Bug #1469

File recursion with a remote source should not recurse locally

Added by Brice Figureau about 2 years ago. Updated 4 months ago.

Status:Closed Start:07/30/2008
Priority:Normal Due date:
Assignee:James Turnbull % Done:

100%

Category:file
Target version:0.25.0
Affected version:0.24.8 Branch:
Keywords:file recursive slow
Votes: 0

Description

Hi, I have the following manifests:

file {
    "${homeroot}/$name":
    source => [ "puppet:///files/users/$name/skel/", "puppet:///files/users/skel/"],
    sourceselect => all,
    checksum => mtime, 
    recurse => true, owner => $name, group => $name, replace => no,
    require => [ User["$name"], Group["$name"] ];
}

that is used to copy various files to the home directory of a new user.

If the home directory of this user contains a deep hierarchy full of files, puppet takes ages and consume a lot of memory to finally copy over a handful of files.

My understanding of the issue is the following: * Puppet builds localrecurse first (see puppet/type/file.rb). This parts can take a long time, each local present file has to be stat'ed and a new (implicit) resource is created in the catalog. * then Puppet builds the sourcerecurse

If Puppet would build the sourcerecurse first, and prune the localrecurse in function of the availability of the sourced file/dir it would be way much faster.
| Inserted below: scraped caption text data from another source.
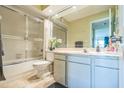 Updated bathroom with shower-tub and vanity at 3805 E Bay Dr # 204, Holmes Beach, FL 34217
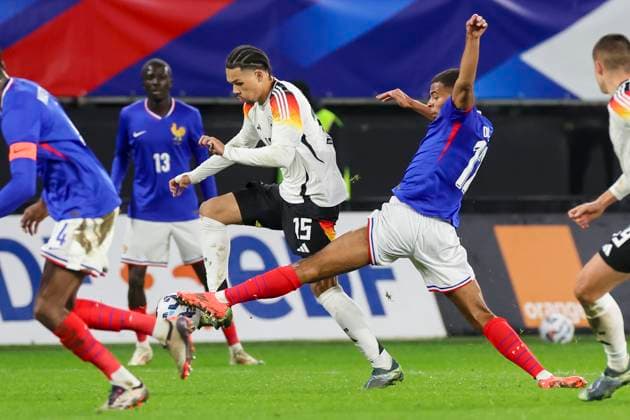France, Valenciennes, 19 11 2024, Stade du Hainaut, France U21 v Germany U21 International Friendly, Pharrel Nnamdi Collins Germany and Desire Doue France battle for the ball Valenciennes Stade du Hainaut France eu-images-700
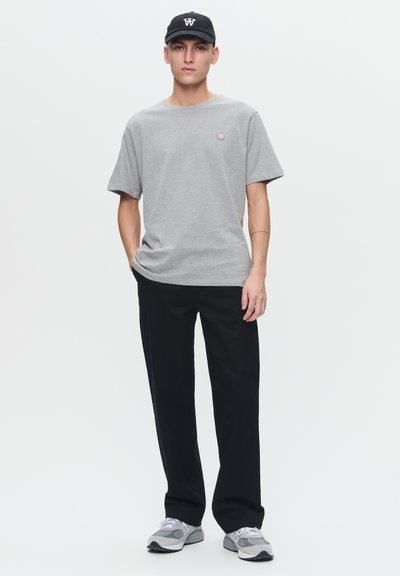 Gray cotton t-shirt with short sleeves and a small logo on the chest, paired with black trousers and gray sneakers. Black cap with a logo.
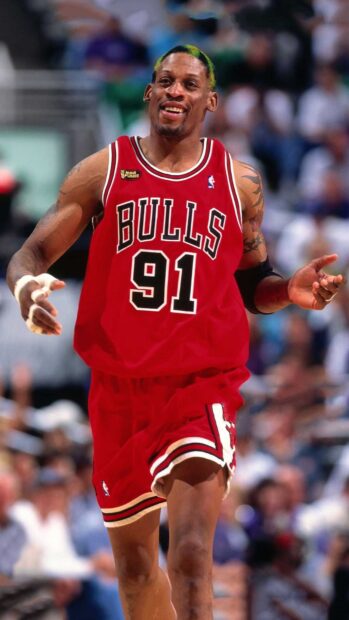 Dennis Rodman in red Bulls jersey celebrating during an NBA Finals game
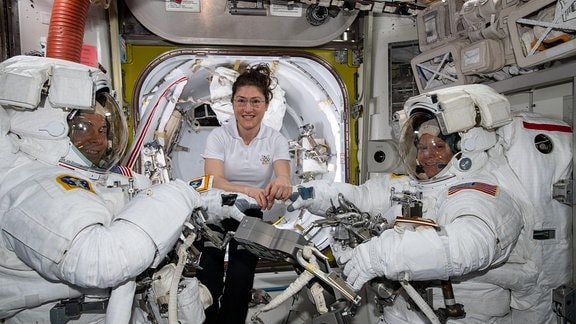 Nick Hague (mit Raumanzug), Anne McClain (mit Raumanzug) und Christina Koch in der ISS vor ihrem Weltraumspaziergang, in der ISS schwebend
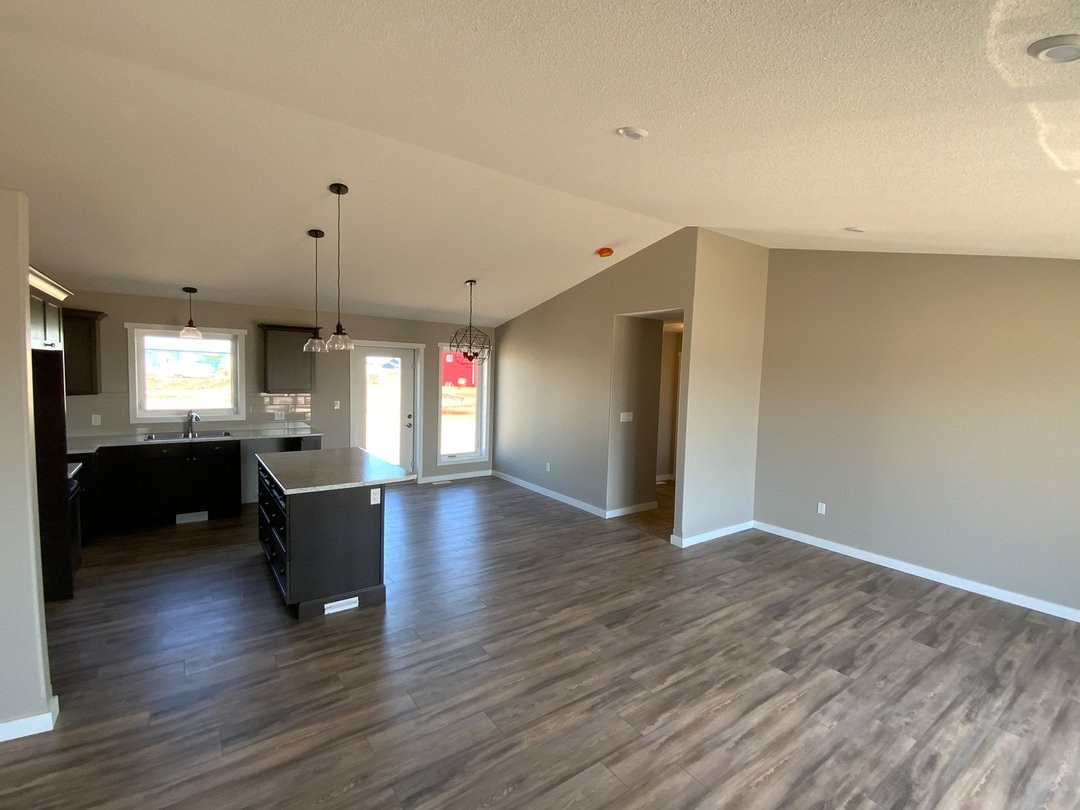 Modern luxury modular home interior featuring a spacious open-concept living and dining area with premium wide-plank wood flooring and neutral warm-toned walls, showcasing a contemporary kitchen with dark cabinetry, a functional center island, and stylish pendant lighting under a bright vaulted ceiling for a high-end move-in ready turn-key residential property design.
Moreover I don’t think people are using file{} to distribute more than a few files, but I bet they like me have more local files than distributed.

Also note, that there is another issue if filebucket and checksum are enabled in the aforementioned manifest: it will copy over all files, and filebucket the previous one, as seen in this log extract:

debug: Calling fileserver.list
debug: Calling fileserver.describe
debug: Calling fileserver.retrieve
debug: //all_users/Account[brice]/File[/home/brice/.zshrc]/source: Executing 'diff -u /home/brice/.zshrc /tmp/user/0/puppet-diffing20080704-15708-glfegc-0'
debug: //all_users/Account[brice]/File[/home/brice/.zshrc]: Changing checksum,source
debug: //all_users/Account[brice]/File[/home/brice/.zshrc]: 2 change(s)
debug: //all_users/Account[brice]/File[/home/brice/.zshrc]/checksum: Replacing /home/brice/.zshrc checksum {md5}1395a1f669e2c86443b142cc5ad10f55 with {mtime}Fri Jul 04 15:17:39 +0200 2008
notice: //all_users/Account[brice]/File[/home/brice/.zshrc]/checksum: checksum changed '{md5}1395a1f669e2c86443b142cc5ad10f55' to '{mtime}Fri Jul 04 15:17:39 +0200 2008'
debug: Calling puppetbucket.addfile
info: //all_users/Account[brice]/File[/home/brice/.zshrc]: Filebucketed to server with sum 1395a1f669e2c86443b142cc5ad10f55
debug: //all_users/Account[brice]/File[/home/brice/.zshrc]/checksum: Replacing /home/brice/.zshrc checksum {mtime}Fri Jul 04 15:17:39 +0200 2008 with {md5}1395a1f669e2c86443b142cc5ad10f55
notice: //all_users/Account[brice]/File[/home/brice/.zshrc]/source: replacing from source puppet:///files/users/brice/skel/.zshrc with contents {md5}1395a1f669e2c86443b142cc5ad10f55

This is because default file checksum is md5, but my file resource above said “mtime”. It then compares apples to oranges.


Related issues

duplicated by Puppet - Feature #1700: Recursive file copies touching unmanaged files should be ... Duplicate 10/28/2008

History

Updated by James Turnbull about 2 years ago

  • Status changed from Unreviewed to Accepted
  • Assignee set to Luke Kanies
  • Affected version changed from 0.24.4 to 0.25.0

Updated by Luke Kanies almost 2 years ago

  • Subject changed from Recursive file resource with lots of local files is horribly slow. to File recursion with a remote source should not recurse locally
  • Priority changed from Normal to High

I guess we need to change the behaviour here, but we need to provide backward compatibility, probably through some kind of recursion selection attribute:

file { "/etc/ssh": 
  source => "...",
  recurse => true,
  recurseselect => 
}

I don’t like that attribute name, but we need something, and at least for now, it should default to the current behaviour (probably with a deprecation warning).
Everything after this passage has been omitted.